The MBA sponsorship program at Deloitte impressed Jason Halupnick when he took a job there in 2001. As long as he earned strong performance reviews, he could eventually apply for an expenses-paid degree, courtesy of the firm, at a school of his choice.
But when his turn to apply came in 2003, he says, the process had become more stressful: Unlike prior applicants, he was required to make a formal pitch about the investment potential of his education before a panel of Deloitte's partners.
"The process was parallel to that of actually applying to grad school," he says.
Today's working MBA hopefuls are facing more rigorous selection criteria and tougher odds than the generation before them when it comes to getting an employer to pay their way through school. Research suggests employers have found new ways to make the most of their graduate tuition investments, and avoid being burned by fickle employees who accept the money and leave anyway.
A growing number of prospective students are without the benefit at all. In 2010, 56 percent of employers offered graduate school assistance, down from 69 percent in 2003, according to annual benefits data collected by the Society for Human Resource Management (SHRM). The group's data show an average steady decline in offerings of about 2 percent a year. For companies with 500 employees or more, 75 percent offered the benefit in 2010, down from 80 percent in 2007.
Meanwhile, use of such programs more than doubled between 1992 and 2007, according to a 2010 joint study by SHRM and the National Association of Independent Colleges and Universities (NAICU), with the biggest boost among employees seeking graduate degrees. Thirty-six percent of employees reporting tuition reimbursements in 2007 said they were pursuing a master's degree, vs. 21 percent in 1992. Business was the top area of study reported in the survey, which included management, accounting, finance, marketing, and business administration degrees.

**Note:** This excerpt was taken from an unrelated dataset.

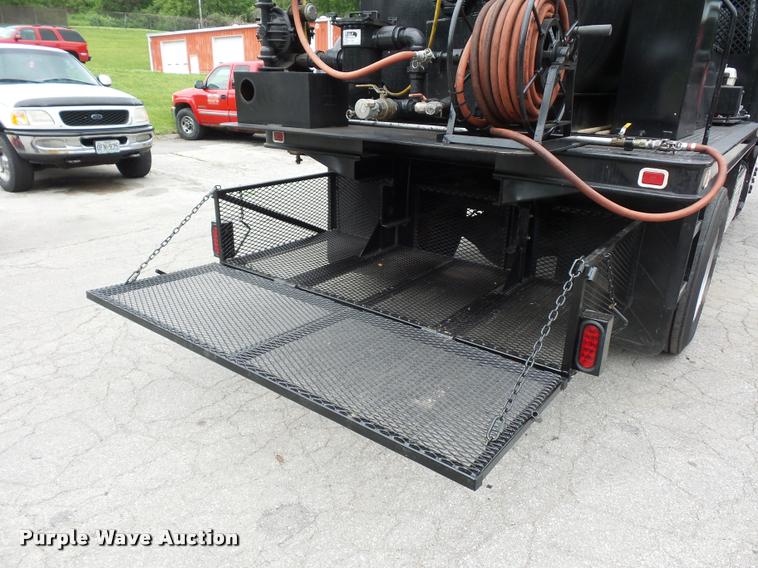 image for item BS9489 2001 International 4700 seal coat truck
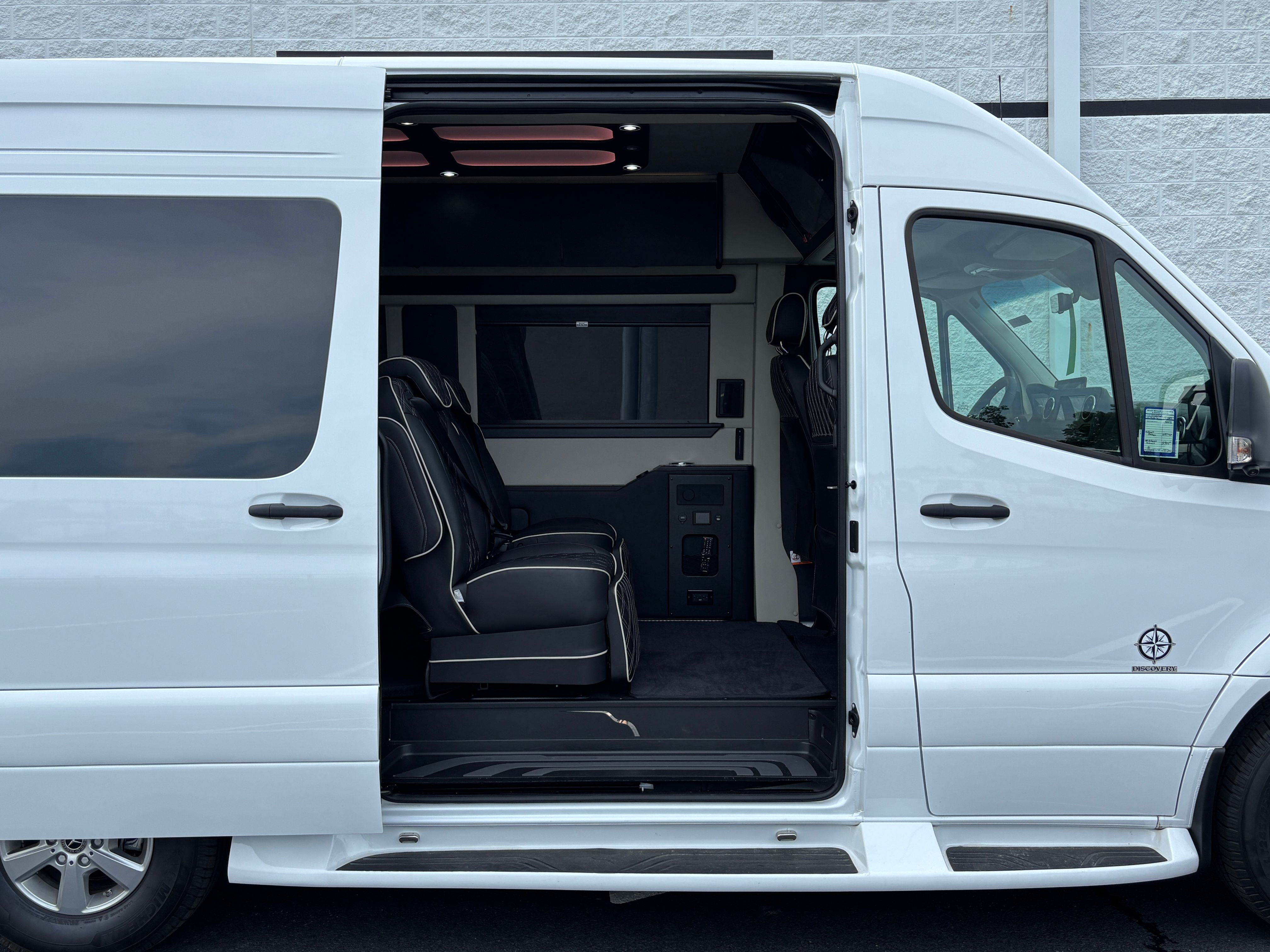 New 2027 White Mercedes-Benz Discovery Touring image 7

From their inception, tuition sponsorship programs were expected to improve workers' skill sets and retain talent and foster goodwill, says Colleen Manchester, an assistant professor at the University of Minnesota's Carlson School of Management (Carlson Full-Time MBA Profile), who has written two research papers on the topic.
In 2000, 23 percent of employers offering such programs required graduates to pay back their tuition if they left within a year, according to data from the International Foundation of Employee Benefit Plans. That shot up to 49 percent in 2006. In her research, Manchester concluded that offering tuition assistance alone—without any payback provisions—had only limited success in retaining employees.
There are fewer full sponsorships at business schools now than there ever used to be, says Dave Gent, executive director of the Evening and Weekend MBA program at UC-Berkeley's Haas School of Business (Haas Part-Time MBA Profile).
When the University of Pennsylvania's Wharton School (Wharton Executive MBA Profile) started its executive MBA program in 1975, nearly all candidates had their tuition fully paid by an employer, says Peter Cappelli, a management professor and director of Wharton's Center for Human Resources. Now, less than half the employers agree to pay the full amount, he says.